The Arrangement was approved at Cangold's special meeting of
shareholders held on May 22, 2015 by
approximately 99.44% of the votes cast by Cangold
shareholders. Final approval for the Arrangement was obtained
from the Supreme Court of British
Columbia on May 26, 2015.
As a result, the Cangold Shares will be delisted from the TSX
Venture Exchange and Great Panther will apply to the relevant
securities commissions for Cangold to cease to be a reporting
issuer under Canadian securities laws.
The Arrangement
Under the Arrangement, each Cangold Share was exchanged for 0.05
of a common share of Great Panther (the "Exchange Ratio"). In
addition, each outstanding option and warrant to acquire Cangold
Shares now entitles the holder thereof to receive, upon the
exercise thereof, 0.05 Great Panther shares in lieu of each Cangold
Share, at a price adjusted in accordance with the Exchange Ratio,
and otherwise on the same terms and conditions as the original
option or warrant.
Full details of the Arrangement and certain other matters are
set out in the management information circular of Cangold dated
April 20, 2015 (the "Information
Circular"). A copy of the Information Circular can be found
under Cangold's profile on SEDAR at www.sedar.com.

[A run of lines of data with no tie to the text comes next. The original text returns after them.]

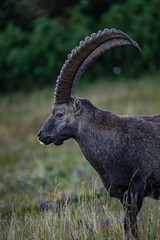 Hochlantsch - Steinbock - Sonnenuntergang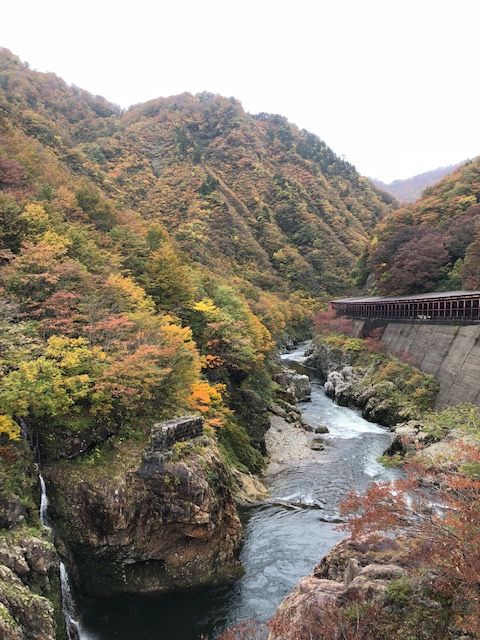 赤芝峡 マッキ色 2nd Stage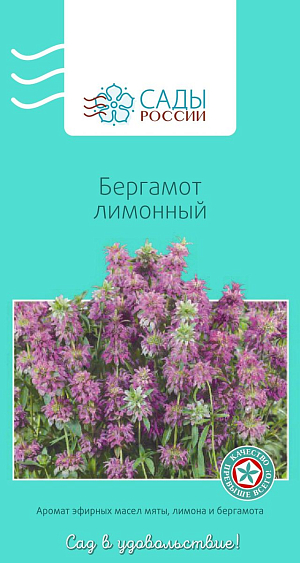 Бергамот лимонный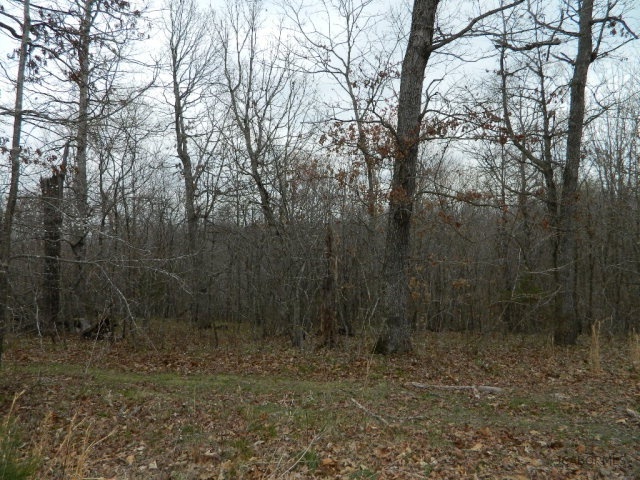 84 M/l Ac State Road, Unit A Auxvasse, MO 65231 - Photo 6 of 6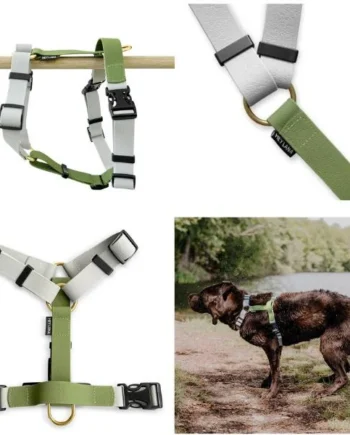 Arnés en H para Perros Hey Lana Biothane Outdoor – Impermeable Gris y Verde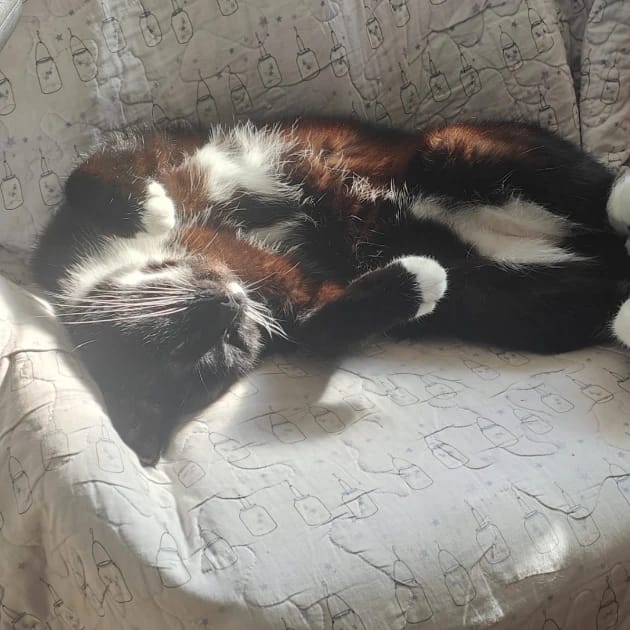 Gizmo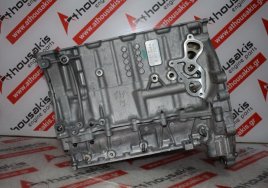 Motorblock 9813721110, 1623126580 zum PEUGEOT, CITROEN, OPEL 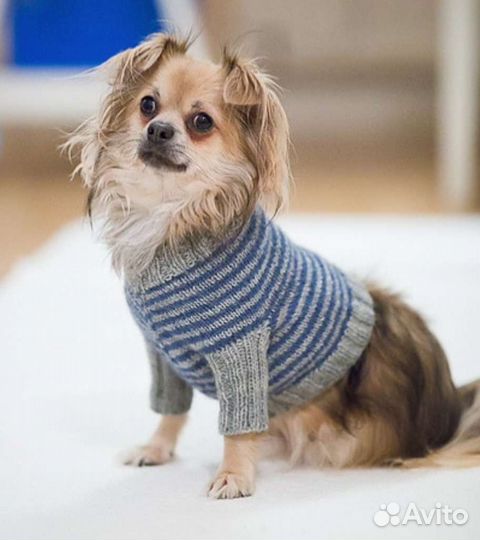 Свитер для собаки/кошки, шапочка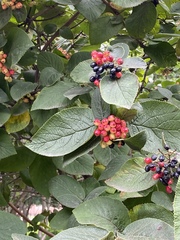 Viburnum lantana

Cangold shareholders who have questions or who may need
assistance with the completion of letters of transmittal are
advised to contact Computershare Investor Services Inc., the
depository for the Arrangement, at:
North American Toll Free: 1 800 564 6253
Email: corporateactions@computershare.com
About Great Panther
Great Panther Silver Limited is a primary silver mining and
exploration company listed on the Toronto Stock Exchange trading
under the symbol GPR, and on the NYSE MKT trading under the symbol
GPL. Great Panther's current activities are focused on the
mining of precious metals from its two wholly-owned mining
operations in Mexico: the
Guanajuato Mine Complex, which includes the San Ignacio satellite mine, and the Topia Mine
in Durango. The Company has signed a two-year option
agreement to acquire a 100% interest in the Coricancha Mine Complex
in the central Andes of Peru and,
through the acquisition of Cangold, now holds an option agreement
on the advanced stage Guadalupe de
los Reyes Project in Mexico.
ON BEHALF OF THE BOARD
"R.W. (Bob) Garnett"
R.W. (Bob) Garnett
Chairman of Great Panther Silver Limited
Cautionary Statement on Forward-Looking Statements
This news release contains forward-looking statements within
the meaning of the United States Private Securities Litigation
Reform Act of 1995 and forward-looking information within the
meaning of Canadian securities laws (together, "forward-looking
statements"). Such forward-looking statements may include but
are not limited to statements regarding Great Panther's intention
to delist the Cangold Shares and cause Cangold to cease being a
reporting issuer and Great Panther's plans for production at its
Guanajuato and Topia Mines in Mexico, exploring its other properties in
Mexico, the overall economic
potential of its properties and the availability of adequate
financing. Such statements and information reflect Great
Panther's views as at the date of this document and are subject to
certain risks, uncertainties and assumptions, and undue reliance
should not be placed on such statements and information. Many
factors, known and unknown could cause the actual results to be
materially different from those expressed or implied by such
forward looking statements. Such factors include, among
others, risks and uncertainties relating to potential political
risks involving the companies' operations in a foreign
jurisdiction, uncertainty of production and cost estimates and the
potential for unexpected costs and expenses, physical risks
inherent in mining operations, currency fluctuations, fluctuations
in the price of silver, gold and base metals, completion of
economic evaluations, changes in project parameters as plans
continue to be refined, the inability or failure to obtain adequate
financing on a timely basis, and other risks and uncertainties,
including those described in Great Panther's Annual Information
Form for the year ended December 31,
2014 and Material Change Reports filed with the Canadian
securities regulators available at www.sedar.com and
reports on Form 40-F and Form 6-K filed with the Securities and
Exchange Commission and available at www.sec.gov as
well as both of Great Panther's and Cangold's other filings with
the Canadian securities regulators and Great Panther's filings with
the U.S. Securities and Exchange Commission. Great Panther
does not intend, nor does it assume any obligation, to update these
forward-looking statements and information.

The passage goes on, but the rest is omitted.